-------- Supplied records

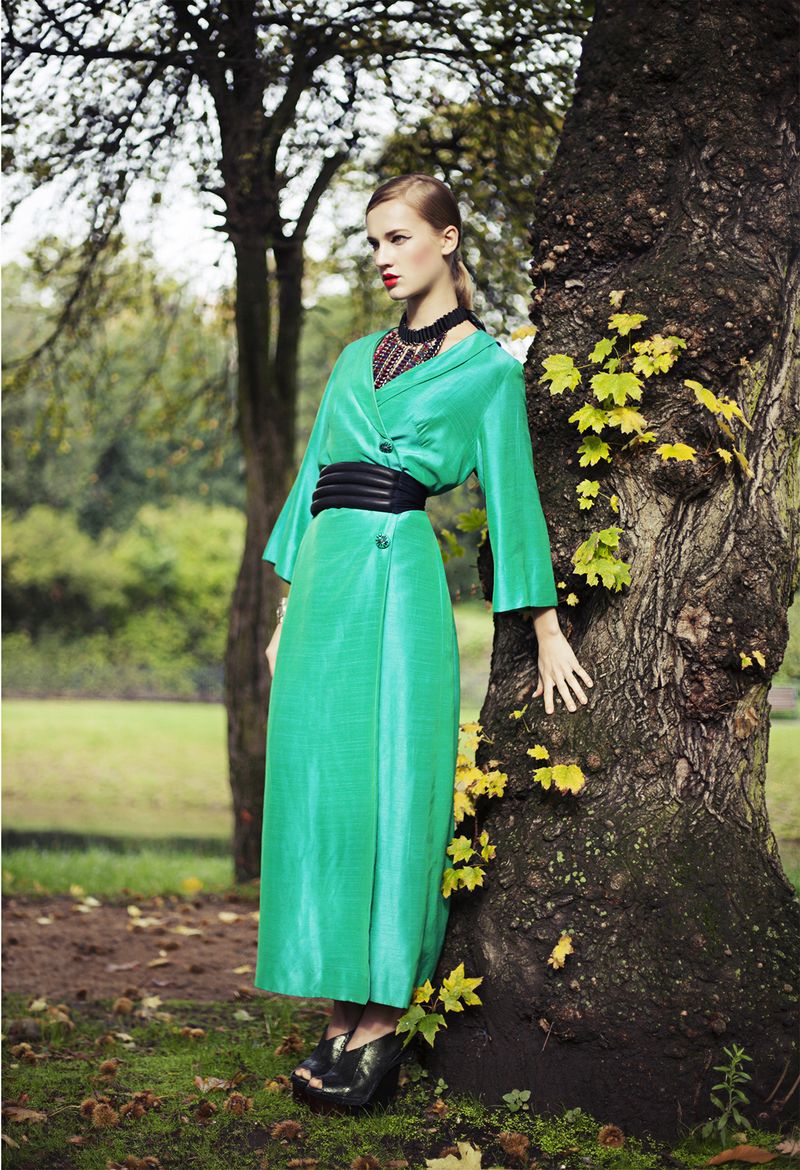 © Clara Copley - Image from the Women's Fashion Editorials photography project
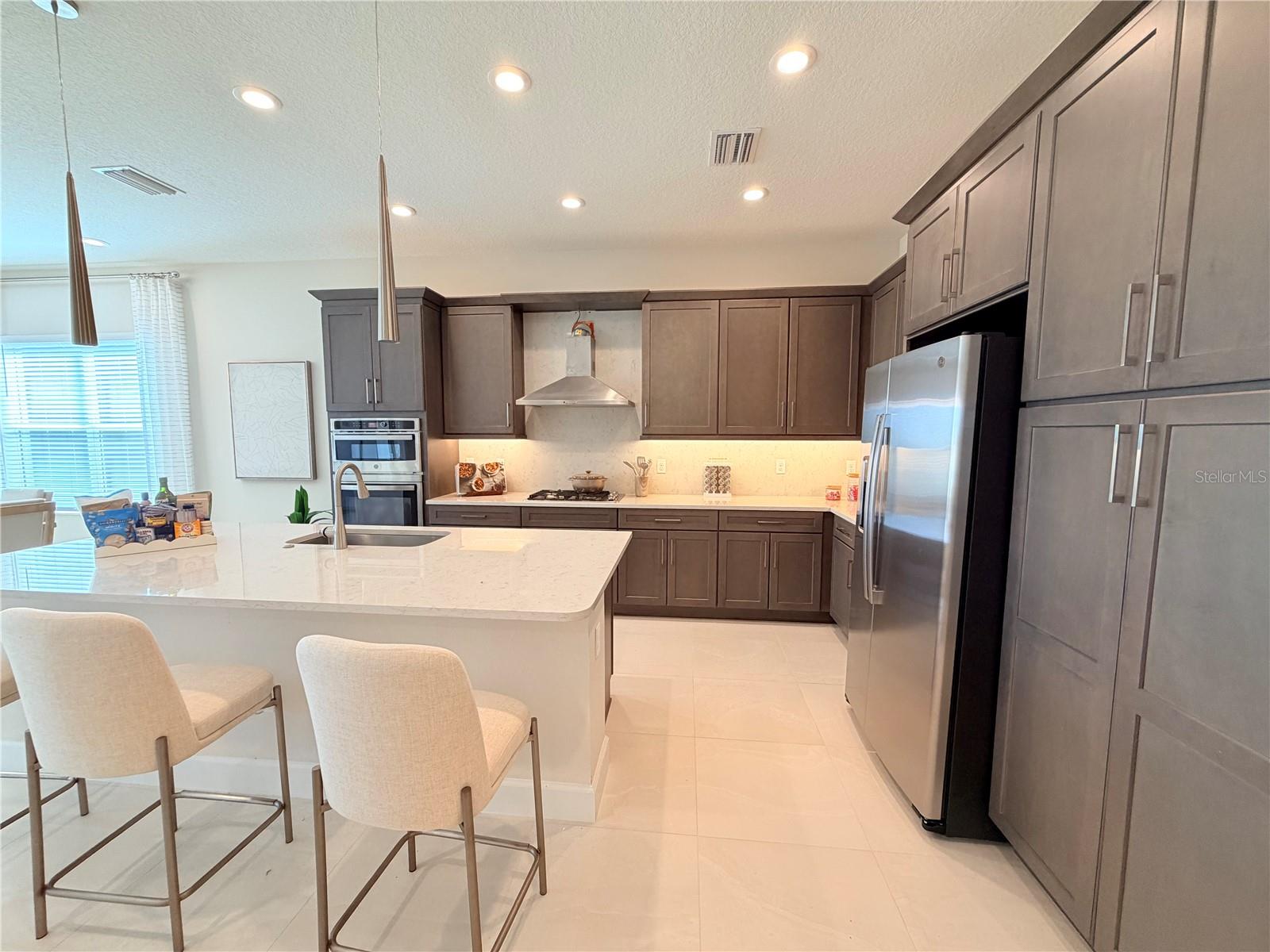 Image 8 of 32 For 32700 Neroli Street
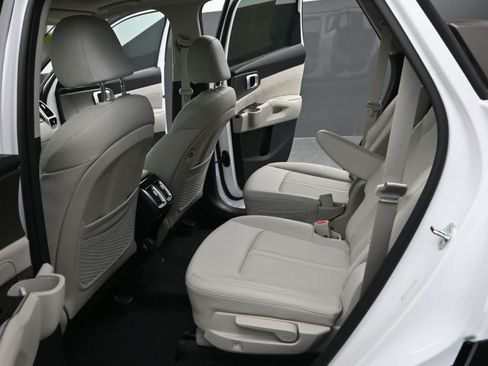 Used 2023 Kia Sorento SX AWD/4WD image 15
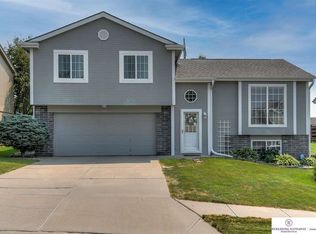 14461 Meredith Ave, Omaha, NE 68116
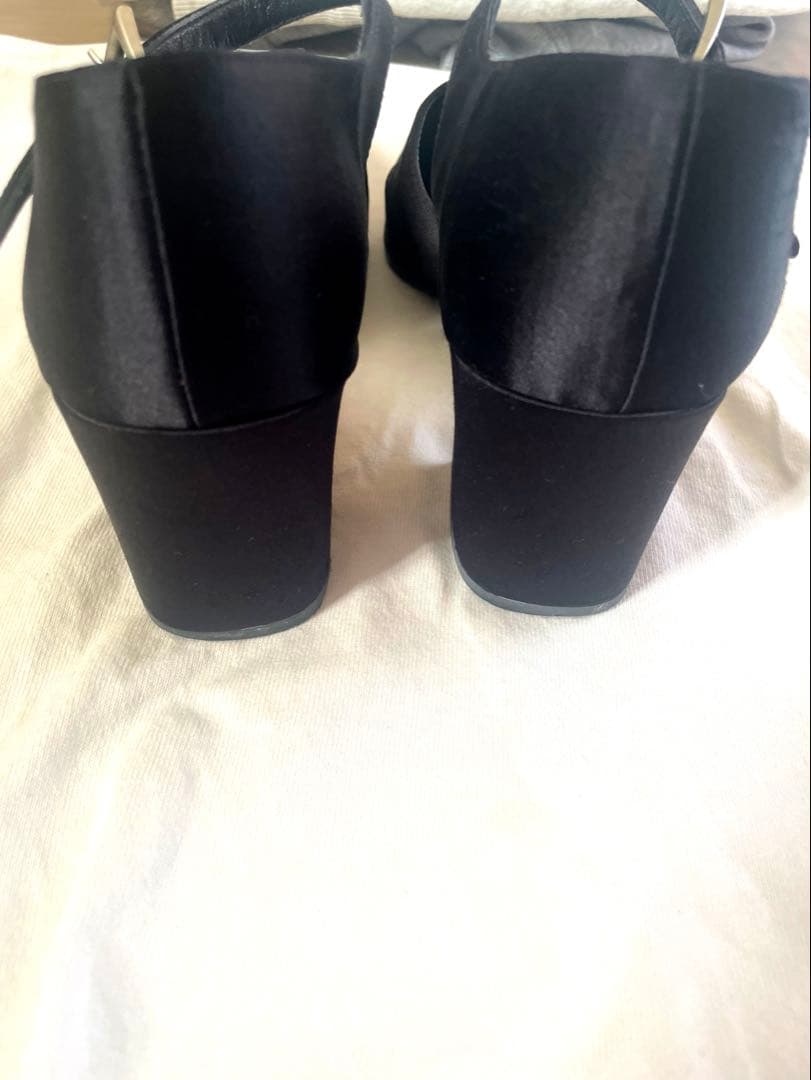 PRADA ブラック サテン ハイヒール　archive90s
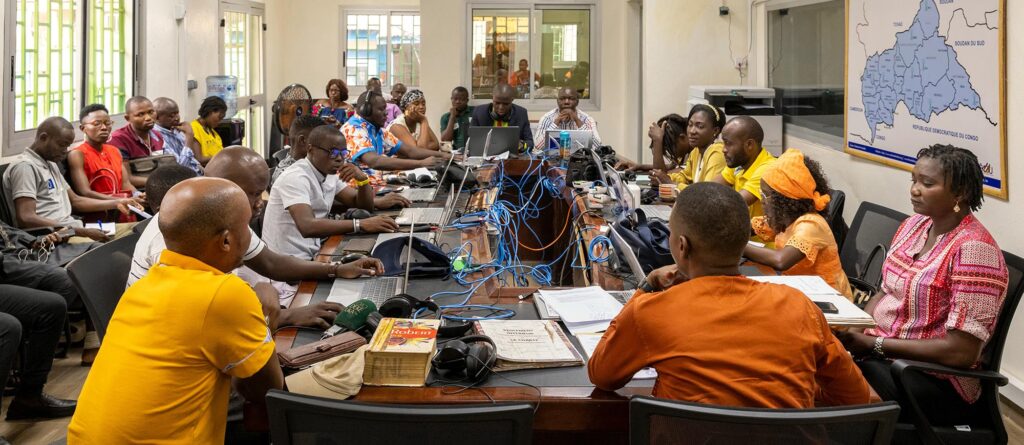 ©Gwenn Dubourthoumieu / Fondation Hirondelle - La conférence de rédaction de la radio Ndekeluka le 11 décembre 2023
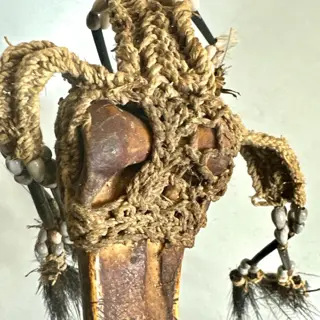 Dolk - casuaris botten en veren - Asmat - West-Papua (voormalig Irian Jaya)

----------------

What is being asked: Please transcribe exactly the line containing "Image 8 of 32 For 32700 Neroli Street" and every later line through the end of the records above, omitting pictures.

Output of the exercise:
 Image 8 of 32 For 32700 Neroli Street
 Used 2023 Kia Sorento SX AWD/4WD image 15
 14461 Meredith Ave, Omaha, NE 68116
 PRADA ブラック サテン ハイヒール　archive90s
 ©Gwenn Dubourthoumieu / Fondation Hirondelle - La conférence de rédaction de la radio Ndekeluka le 11 décembre 2023
 Dolk - casuaris botten en veren - Asmat - West-Papua (voormalig Irian Jaya)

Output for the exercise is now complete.